逛店是我们这些闲得无聊的小朋友们的主要消遣方式,口袋里没钱进去瞧瞧也是一大享受。与百货商店不同,土产店没有那种我们喜欢的甜甜的糖果香味,里面全是生铁和泥土的气味,店里总是显得很冷清,货物却很齐全,柜台里面的架子上摆了各种碗筷勺子盘子,角落里放着几口大铁锅,张着大口很是吓人,一节节的铁皮烟筒立在炉子旁边,一排排的砂锅陶罐大缸也是应有尽有。在那个“新三年旧三年缝缝补补又三年”的年代,我们的锅碗瓢盆多数都是祖上传下来的,很少花钱去买,家里的水缸咸菜缸破裂了,把上几个刚钉照样用,冬天的烟筒好像卖得很火,这种铁片子被烟火熏了一个冬天,要是来年再用,生锈的部位像是被子弹打穿了,光剩冒烟了。

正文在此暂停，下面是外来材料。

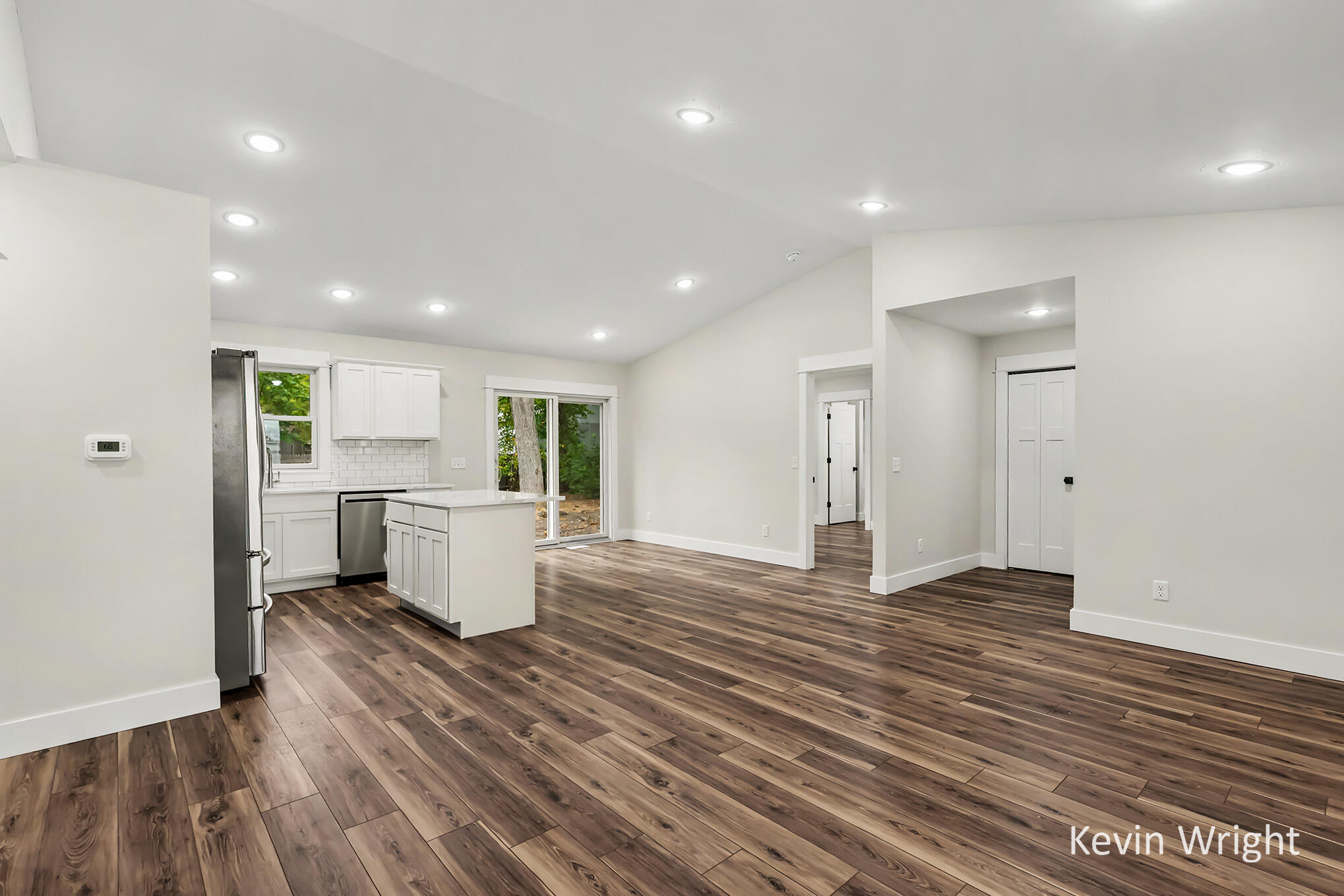 420 West Street Property Photo 4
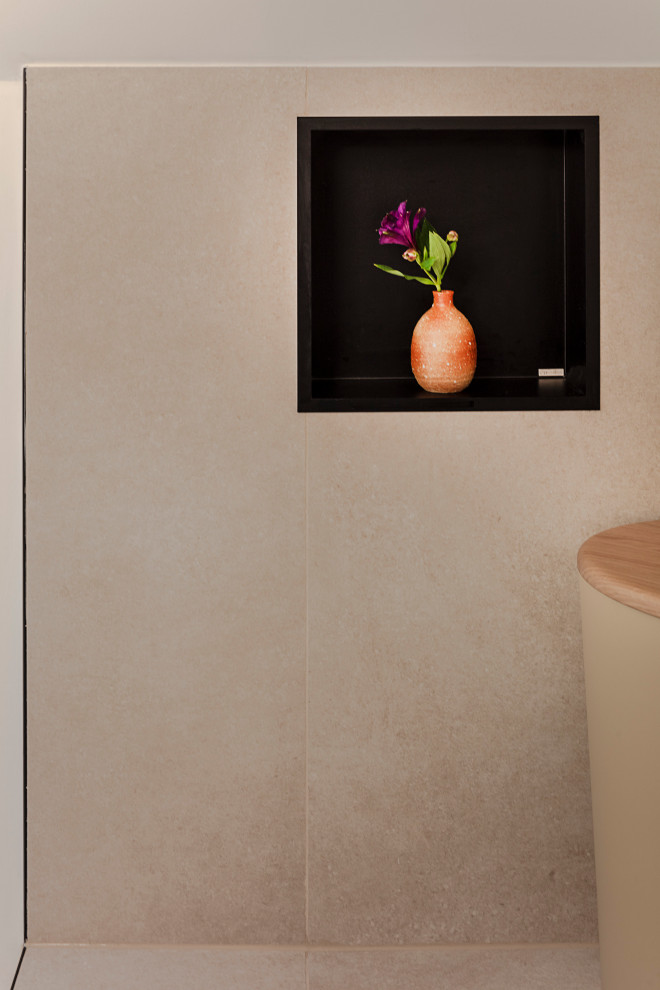 Inspiration för små moderna brunt badrum med dusch, med luckor med lamellpanel, skåp i mellenmörkt trä, en kantlös dusch, en toalettstol med separat cisternkåpa, beige kakel, stenhäll, vita väggar, ett fristående handfat, träbänkskiva, beiget golv och med dusch som är öppen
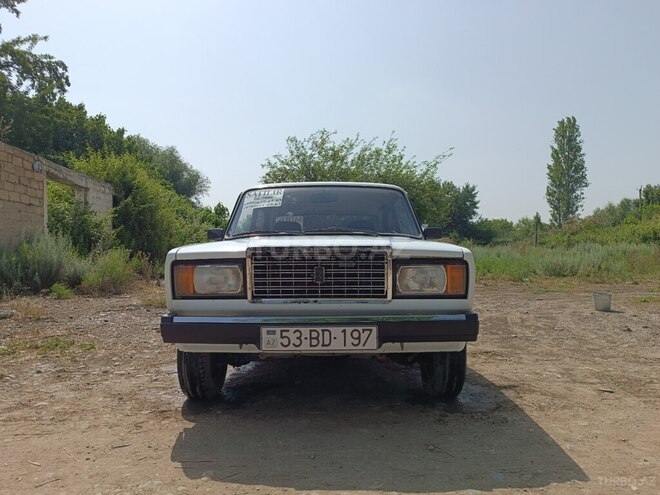 LADA (VAZ) 2107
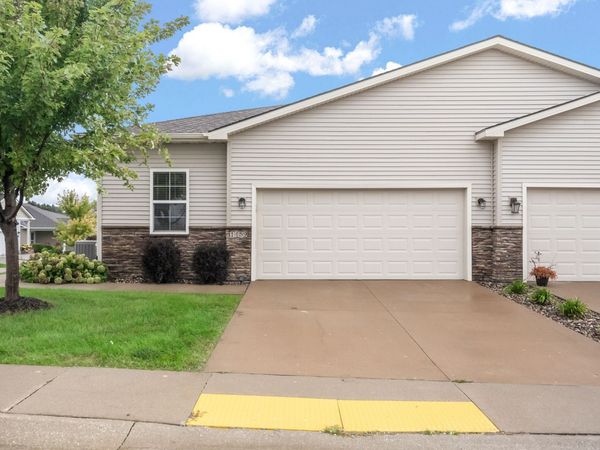 1459 Indigo Drive SE, Altoona, IA 50009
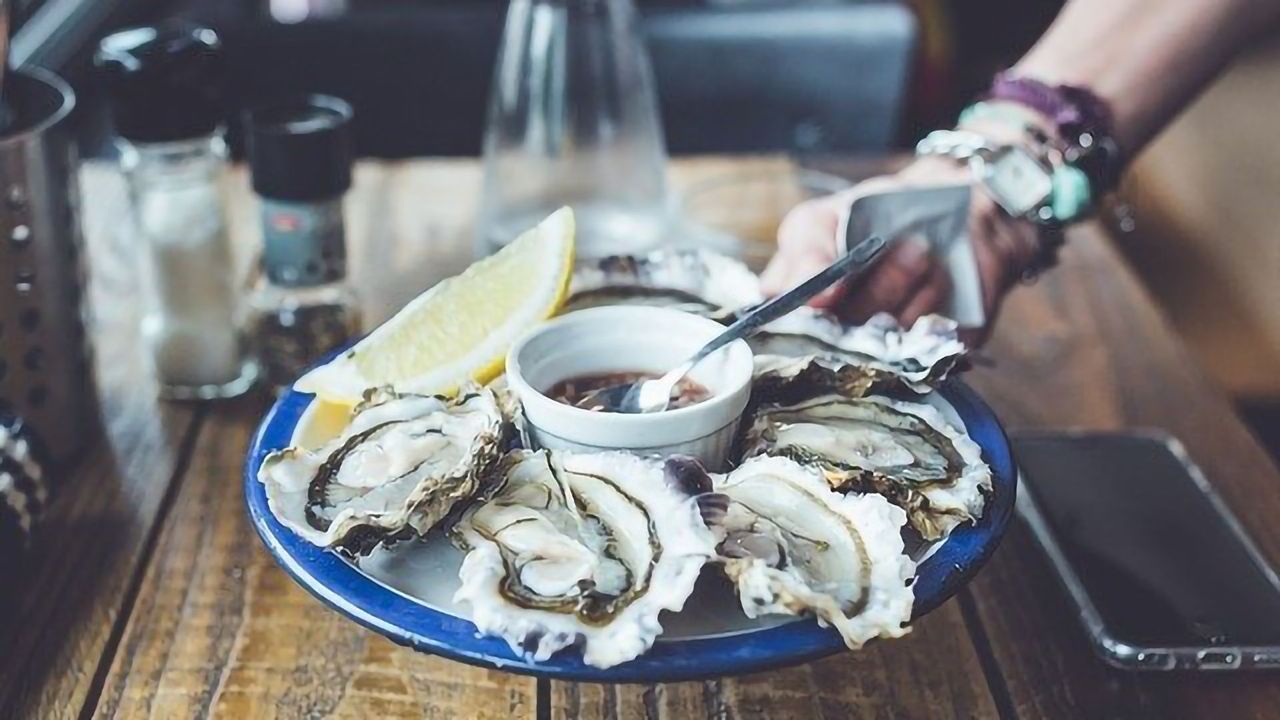 Why Are Oysters and Champagne Such a Classic Pairing?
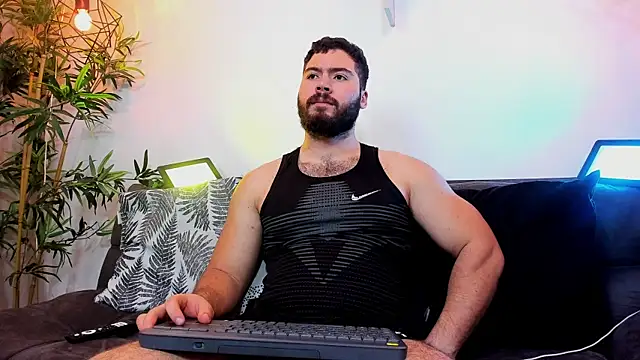 Snapshot of SebastianVilla_ chatting on 1, 7, 2026 SebastianVilla online show from 1, 7, 2026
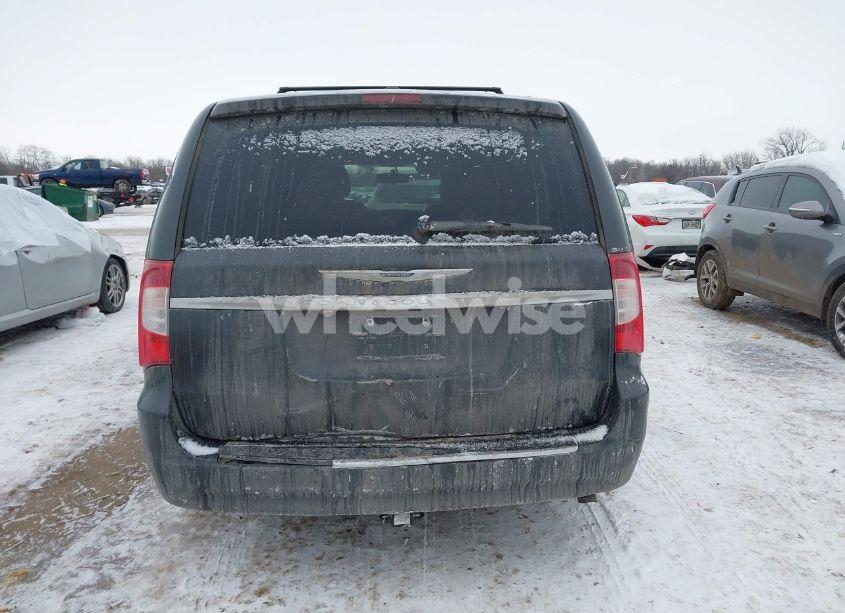 Photo 16 of 2011 Chrysler Town & COUNTRY TOURING (VIN 2A4RR5DG3BR611192)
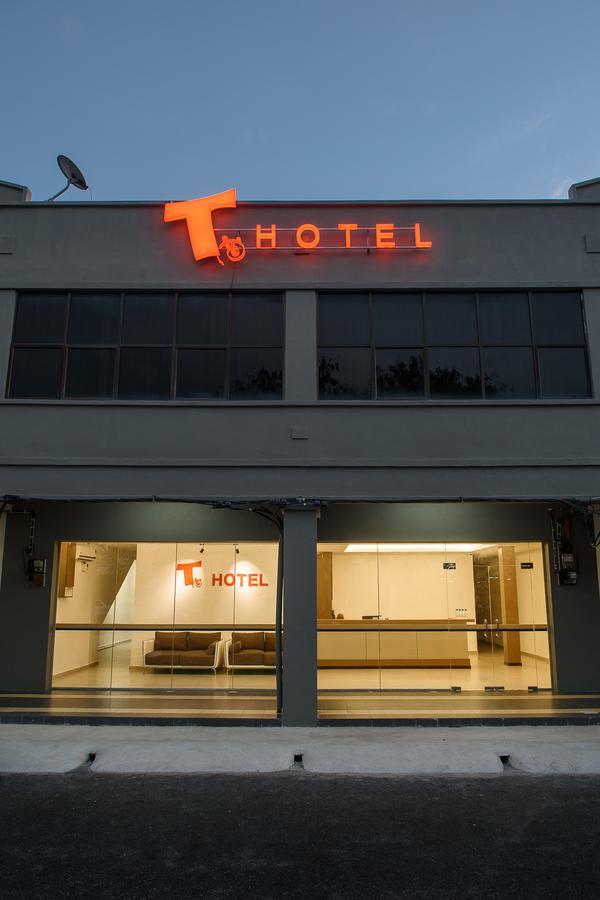 T Hotel Anggerik Алор Сетар Екстериор снимка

不知是楼下土产店的土腥气味还是楼上的居民太好客,这座楼竟引来了一只野凤凰,瘫痪老魏。他将一块轮胎的橡胶皮绑在屁股和腿上,用双手在地上慢慢拖行,被他选中将要在此筑巢的楼道是一个成45度角的楼梯角落,一堆的干草就是他的栖息地,白天他一点点挪到马路对面的楼下摆摊修鞋补自行车带,晚上回窝睡觉,晚饭后人们三三两两找他聊天顺便对他做点恶作剧,那时没有电视也没有网络,都喜欢来这里消食解闷,人越来越多,楼道开始热闹起来,先是有人朝窝里扔进一袋煤渣,黑糊糊的楼道传来老魏凄惨的叫声,“救命啊!”,人们一阵哄笑,觉得热血直往脑门涌,一种想要发泄的快感布满全身,老魏的一声声尖叫刺激了人们的神经,凡是能扔的都砸向了这个倒霉蛋,哄笑声,尖叫声,哭声响成一片,整个楼道沸腾起来。一直觉得很愧对老魏,当年我们对他的捉弄实在是太不厚道,现在想想,是不是老魏在故意嚎叫让我们陪他呢?在没有灯光的黑暗角落,没有我们他又会是何等的寂寞。
“板桥人家”门前的马路边是一片卖房屋装修的铺子,从铝合金门窗到粉末涂料再到窗帘装饰,大家都在忙着挣钱,此时如果有飞碟载着外星人落地,人们也懒得瞧上一眼,如今的互联网时代有什么鸟我们没见过,有谁会相信好多年以前,就在这个地方,有如此多的人围着一个可怜的瘫痪兄弟,爆发出那么大的欢笑,这笑声冲出楼道,奔向了云霄!